Opportunity, not capability, holds Sabah back
- 2 days ago
- 3 min read
Published on: Monday, June 29, 2026
By: Sherell Jeffrey

Kota Kinabalu: Sabahan oil and gas vendors are not lacking in capability but have been consistently denied the scale of work needed to prove themselves, according to industry veteran, Omar Suhaimi Abu Hassan.
The 40-year oil and gas veteran including 25 years with Petronas, told the 13th Sabah Oil, Gas and Energy Conference and Exhibition (SOGCE) that the problem was structural, not personal.
“The capability is always there, but if you are not given the opportunity, it is like a talent contest. You have your talent but there is no contest for you to show what you can do. You cannot just sing in the bathroom by yourself,” said Omar, who is currently Unsur Hebat Sdn Bhd Business Advisor.
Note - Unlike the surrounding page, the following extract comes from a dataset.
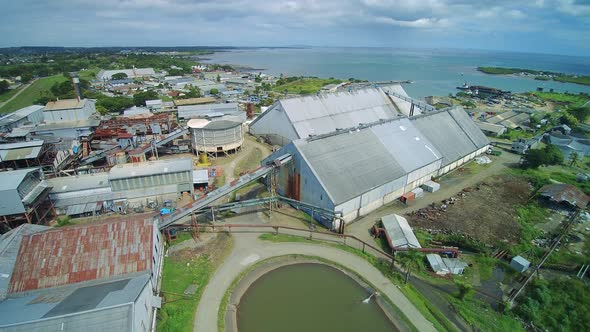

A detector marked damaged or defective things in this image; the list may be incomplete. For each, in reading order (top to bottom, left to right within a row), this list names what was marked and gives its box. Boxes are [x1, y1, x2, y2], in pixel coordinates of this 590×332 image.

rusty metal roof [540, 183, 590, 209]
rusty metal roof [8, 218, 155, 294]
He pointed to more than 300 licensed oil and gas companies now operating in Sabah, with between 110 and 115 of them members of SOGSC, as evidence that local talent exists.
He said around 20 to 25 of those companies were already active in the field.
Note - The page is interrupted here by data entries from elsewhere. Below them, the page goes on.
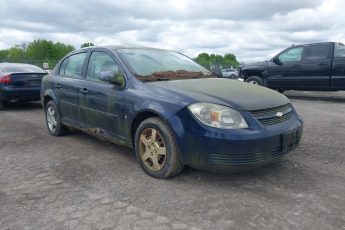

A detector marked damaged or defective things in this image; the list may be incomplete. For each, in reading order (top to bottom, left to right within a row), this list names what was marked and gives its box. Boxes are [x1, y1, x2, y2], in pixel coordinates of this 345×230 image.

cracked parking lot [0, 90, 344, 229]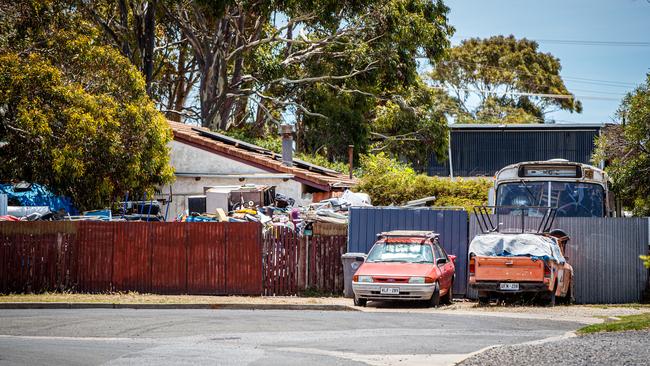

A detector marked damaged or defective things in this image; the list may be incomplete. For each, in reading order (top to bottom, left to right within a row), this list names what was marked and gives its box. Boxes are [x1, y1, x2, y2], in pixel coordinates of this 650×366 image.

abandoned bus [486, 158, 612, 216]
rusty wooden fence [0, 220, 346, 294]
rusty wooden fence [260, 223, 346, 298]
He cited the Sabah-Sarawak Gas Pipeline as a concrete example of what Sabahans could deliver when given the chance. Between 2018 and 2022, an engineering consultancy he worked alongside deployed locally trained inspectors of works across the full 512-kilometre Sabah portion of the pipeline.
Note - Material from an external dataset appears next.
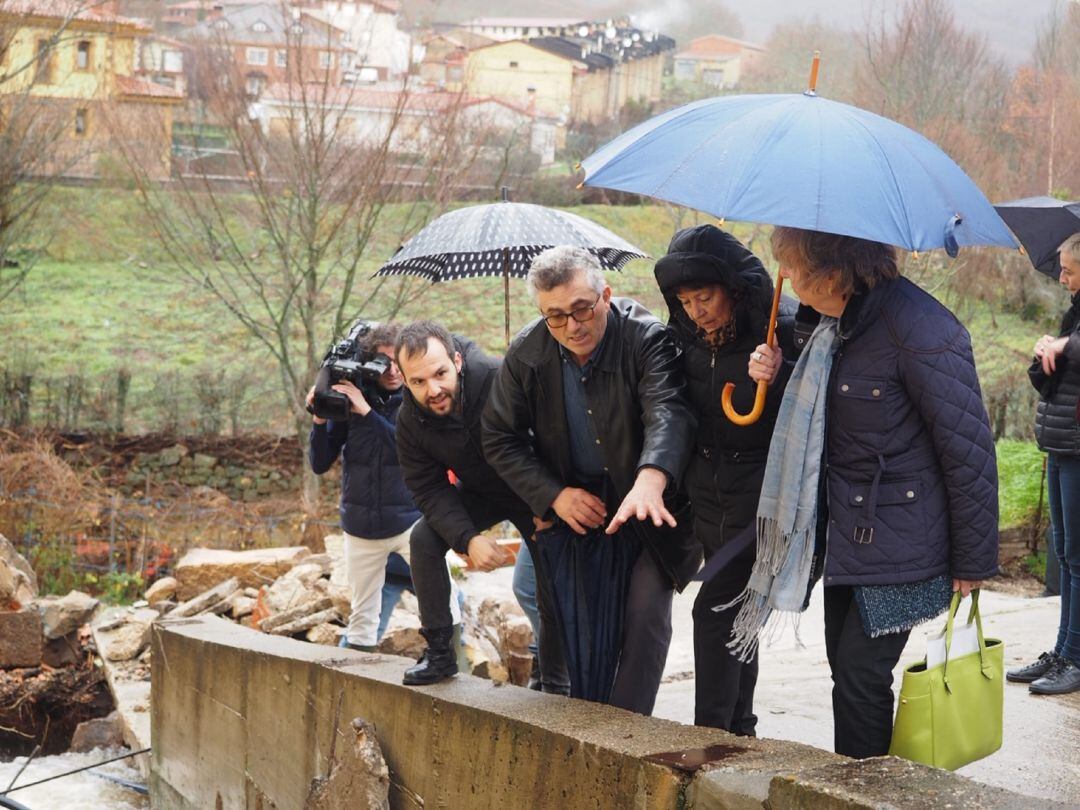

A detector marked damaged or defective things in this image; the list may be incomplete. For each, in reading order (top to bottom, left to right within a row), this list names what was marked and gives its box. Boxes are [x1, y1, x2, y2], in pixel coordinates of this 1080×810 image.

“The geologist heading the slope inspection work is a Sabahan lady. The civil engineers are all Sabahan. The only non-Sabahan is the project manager from Selangor,” Omar said.
He said the company had trained between 30 and 40 people through the project, each of whom could now walk into any pipeline inspection role with four years of documented experience behind them.
He said the key condition for that outcome was a partner willing to invest in local talent rather than bringing in workers from elsewhere in Malaysia.
“It must work both ways. Your partner who comes from outside of Sabah must be willing to give you the chance to prove yourself,” he said.
Additionally, he said the procurement system is creating barriers for new Sabah oil and gas entrants.
Thick tendering documents, demanding compliance requirements and track record clauses that newly licensed companies cannot possibly meet are blocking Sabahan vendors from competing fairly in oil and gas procurement, he said.
He said procurement policies, while necessary, were being applied in ways that disadvantaged companies new to the industry.
“The tender document will be very thick. The Know Your Counterparty document alone can run up to 140 pages. If you are not conversant in those areas, you spend your time not submitting your actual technical proposal but answering compliance questions,” he said.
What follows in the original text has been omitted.